[Stored items from a collection]
== Segment start ==
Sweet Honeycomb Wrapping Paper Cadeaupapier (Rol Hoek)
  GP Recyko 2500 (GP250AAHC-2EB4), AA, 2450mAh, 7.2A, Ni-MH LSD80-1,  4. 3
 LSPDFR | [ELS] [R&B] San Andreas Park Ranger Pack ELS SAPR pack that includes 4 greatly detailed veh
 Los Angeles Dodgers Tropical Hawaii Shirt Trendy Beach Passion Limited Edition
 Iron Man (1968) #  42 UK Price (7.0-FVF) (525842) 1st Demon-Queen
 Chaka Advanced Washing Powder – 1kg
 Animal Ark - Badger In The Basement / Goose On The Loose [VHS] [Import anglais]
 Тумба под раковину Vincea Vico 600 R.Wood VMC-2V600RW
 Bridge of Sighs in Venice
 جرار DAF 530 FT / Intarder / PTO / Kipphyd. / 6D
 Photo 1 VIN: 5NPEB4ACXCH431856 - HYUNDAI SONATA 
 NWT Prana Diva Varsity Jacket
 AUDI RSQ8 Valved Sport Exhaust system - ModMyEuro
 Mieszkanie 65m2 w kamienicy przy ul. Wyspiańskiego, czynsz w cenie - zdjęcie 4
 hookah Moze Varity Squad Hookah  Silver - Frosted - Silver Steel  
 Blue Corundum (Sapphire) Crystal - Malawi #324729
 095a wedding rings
== Segment end ==
* _Task brief_
Please retype the records above starting with the line that contains "Blue Corundum (Sapphire)" and stopping after the last line, changing nothing.

* _Result for this task_
 Blue Corundum (Sapphire) Crystal - Malawi #324729
 095a wedding rings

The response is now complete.